3-MEB, 2754 Sayılı Tebliğler Dergisi’nde 2019’da ödül alanların listesini yayınlamıştı. Listeyi incelediğimizde ödül alanların %68,9’unun malum sendikanın üyeleri olduğu arsızlığını tespit etmiştik. Hatta o zaman yaptığımız basın açıklamasında “MEB’de Ödülleri Kim Dağıtıyor?” diye sormuş ve Bakanlığın ödül verme işini bir sendikaya ihale ettiğine vurgu yapmıştık.

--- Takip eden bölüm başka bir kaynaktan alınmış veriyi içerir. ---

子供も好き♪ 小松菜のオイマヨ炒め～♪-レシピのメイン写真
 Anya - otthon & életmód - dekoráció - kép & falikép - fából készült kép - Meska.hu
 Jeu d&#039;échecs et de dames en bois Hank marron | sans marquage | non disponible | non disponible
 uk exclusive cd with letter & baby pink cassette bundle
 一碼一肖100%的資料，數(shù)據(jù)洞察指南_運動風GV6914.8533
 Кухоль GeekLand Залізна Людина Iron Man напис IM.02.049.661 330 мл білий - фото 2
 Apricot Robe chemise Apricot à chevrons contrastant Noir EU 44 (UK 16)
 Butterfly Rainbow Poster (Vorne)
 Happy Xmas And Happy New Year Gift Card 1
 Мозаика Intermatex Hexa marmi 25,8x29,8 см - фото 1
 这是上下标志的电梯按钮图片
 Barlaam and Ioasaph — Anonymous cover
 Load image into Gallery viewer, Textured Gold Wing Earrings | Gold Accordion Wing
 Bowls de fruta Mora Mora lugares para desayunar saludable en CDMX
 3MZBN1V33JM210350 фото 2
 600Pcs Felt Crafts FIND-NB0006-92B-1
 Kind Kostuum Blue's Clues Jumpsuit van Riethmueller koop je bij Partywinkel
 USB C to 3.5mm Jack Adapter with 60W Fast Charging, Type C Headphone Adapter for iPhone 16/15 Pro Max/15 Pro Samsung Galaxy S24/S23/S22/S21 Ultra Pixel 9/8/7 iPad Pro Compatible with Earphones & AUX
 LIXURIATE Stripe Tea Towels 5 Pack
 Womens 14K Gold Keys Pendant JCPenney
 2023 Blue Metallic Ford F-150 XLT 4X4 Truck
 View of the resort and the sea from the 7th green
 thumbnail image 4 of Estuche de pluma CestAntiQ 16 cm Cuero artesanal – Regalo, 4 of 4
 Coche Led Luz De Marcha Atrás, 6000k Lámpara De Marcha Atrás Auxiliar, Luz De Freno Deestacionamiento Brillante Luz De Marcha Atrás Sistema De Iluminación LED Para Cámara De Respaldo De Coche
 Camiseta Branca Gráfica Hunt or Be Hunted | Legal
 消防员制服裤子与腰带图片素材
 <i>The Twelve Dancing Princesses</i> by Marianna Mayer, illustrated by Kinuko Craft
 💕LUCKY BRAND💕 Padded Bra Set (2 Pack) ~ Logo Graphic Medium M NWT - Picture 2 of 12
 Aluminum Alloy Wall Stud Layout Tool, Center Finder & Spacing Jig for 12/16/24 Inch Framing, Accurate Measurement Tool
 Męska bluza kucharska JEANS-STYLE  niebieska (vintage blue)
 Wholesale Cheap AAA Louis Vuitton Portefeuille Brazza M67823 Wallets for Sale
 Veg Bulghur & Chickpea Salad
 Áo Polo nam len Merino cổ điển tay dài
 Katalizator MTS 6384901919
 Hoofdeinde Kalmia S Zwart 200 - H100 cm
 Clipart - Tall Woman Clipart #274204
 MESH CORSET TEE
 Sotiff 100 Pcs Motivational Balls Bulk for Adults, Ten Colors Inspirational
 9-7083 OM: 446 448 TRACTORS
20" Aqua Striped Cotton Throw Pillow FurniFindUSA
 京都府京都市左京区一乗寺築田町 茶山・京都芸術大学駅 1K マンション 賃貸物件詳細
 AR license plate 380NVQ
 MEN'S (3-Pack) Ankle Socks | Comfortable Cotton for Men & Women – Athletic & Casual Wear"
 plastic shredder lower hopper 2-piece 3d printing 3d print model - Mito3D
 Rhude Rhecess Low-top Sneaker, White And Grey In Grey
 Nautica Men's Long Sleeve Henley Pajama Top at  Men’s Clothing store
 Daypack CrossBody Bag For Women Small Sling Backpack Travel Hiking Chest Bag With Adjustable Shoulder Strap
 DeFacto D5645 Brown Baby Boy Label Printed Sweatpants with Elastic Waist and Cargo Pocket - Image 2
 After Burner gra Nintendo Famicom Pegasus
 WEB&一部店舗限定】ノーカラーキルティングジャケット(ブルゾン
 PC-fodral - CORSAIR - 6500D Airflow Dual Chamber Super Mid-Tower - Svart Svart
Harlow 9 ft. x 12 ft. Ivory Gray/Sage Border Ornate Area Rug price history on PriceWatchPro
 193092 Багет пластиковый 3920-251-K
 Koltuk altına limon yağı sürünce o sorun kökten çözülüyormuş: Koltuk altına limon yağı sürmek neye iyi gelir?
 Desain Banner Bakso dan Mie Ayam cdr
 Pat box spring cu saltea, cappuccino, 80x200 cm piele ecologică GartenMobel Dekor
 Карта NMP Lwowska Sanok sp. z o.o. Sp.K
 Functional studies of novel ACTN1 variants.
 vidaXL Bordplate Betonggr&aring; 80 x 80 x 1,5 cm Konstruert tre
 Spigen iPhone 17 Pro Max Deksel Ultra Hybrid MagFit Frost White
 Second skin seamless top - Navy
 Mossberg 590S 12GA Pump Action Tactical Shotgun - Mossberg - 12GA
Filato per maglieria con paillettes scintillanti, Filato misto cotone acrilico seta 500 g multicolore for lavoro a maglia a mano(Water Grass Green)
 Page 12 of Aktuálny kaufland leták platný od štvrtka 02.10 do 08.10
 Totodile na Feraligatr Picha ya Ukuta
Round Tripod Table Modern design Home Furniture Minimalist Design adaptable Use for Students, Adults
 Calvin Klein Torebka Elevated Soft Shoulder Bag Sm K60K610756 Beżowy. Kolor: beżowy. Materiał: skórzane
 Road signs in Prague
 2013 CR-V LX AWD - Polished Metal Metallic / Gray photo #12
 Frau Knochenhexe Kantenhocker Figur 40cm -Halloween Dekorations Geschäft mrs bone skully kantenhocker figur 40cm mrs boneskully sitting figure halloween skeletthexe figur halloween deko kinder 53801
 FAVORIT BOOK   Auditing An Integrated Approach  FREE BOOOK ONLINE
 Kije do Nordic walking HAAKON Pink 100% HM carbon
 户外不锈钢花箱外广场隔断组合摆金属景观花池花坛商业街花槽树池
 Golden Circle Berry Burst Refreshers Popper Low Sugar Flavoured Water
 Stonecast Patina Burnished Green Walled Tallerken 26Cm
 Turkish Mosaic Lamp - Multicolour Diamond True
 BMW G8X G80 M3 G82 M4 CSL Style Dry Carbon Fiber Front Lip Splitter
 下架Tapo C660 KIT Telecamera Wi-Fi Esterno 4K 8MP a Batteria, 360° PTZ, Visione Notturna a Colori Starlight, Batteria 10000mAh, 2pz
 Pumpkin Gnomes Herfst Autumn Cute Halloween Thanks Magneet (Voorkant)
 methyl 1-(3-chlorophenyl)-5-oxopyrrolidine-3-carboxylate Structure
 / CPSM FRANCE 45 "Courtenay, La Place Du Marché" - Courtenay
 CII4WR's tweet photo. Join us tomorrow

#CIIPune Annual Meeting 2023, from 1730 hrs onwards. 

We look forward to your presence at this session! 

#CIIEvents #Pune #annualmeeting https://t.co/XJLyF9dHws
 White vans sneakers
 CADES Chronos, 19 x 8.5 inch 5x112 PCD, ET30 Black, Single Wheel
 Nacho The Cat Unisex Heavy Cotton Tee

Şimdi ise yayınlanan yönetmelikte, yönetici atamaya esas puanın %30’unu oluşturacak olan değerlendirme formunda, SON DÖRT YILDA ALINAN ÖDÜLLERİN puan karşılığı olacağı ifade ediliyor.
Yani, başarı değil, yandaşlık BİR KEZ DAHA ödüllendiriliyor!
Acaba bu tasarrufun arkasında da “sendika ve STK’ların” istek ve dayatmaları mı yatıyor?
Velhasıl;
Liyakatin esas alınması yolunda atılan adımları destekliyoruz, ancak eğitim çalışanlarının hakkaniyetin tam anlamıyla tesis edilmesi doğrultusunda daha cesaretli bir duruş beklediğini de özellikle vurgulamak istiyoruz.
Unutmayalım, 2023 Vizyonu, liyakat ve ehliyeti esas alan ve adalet zemininde yürüyen bir anlayışla hayat bulacaktır.”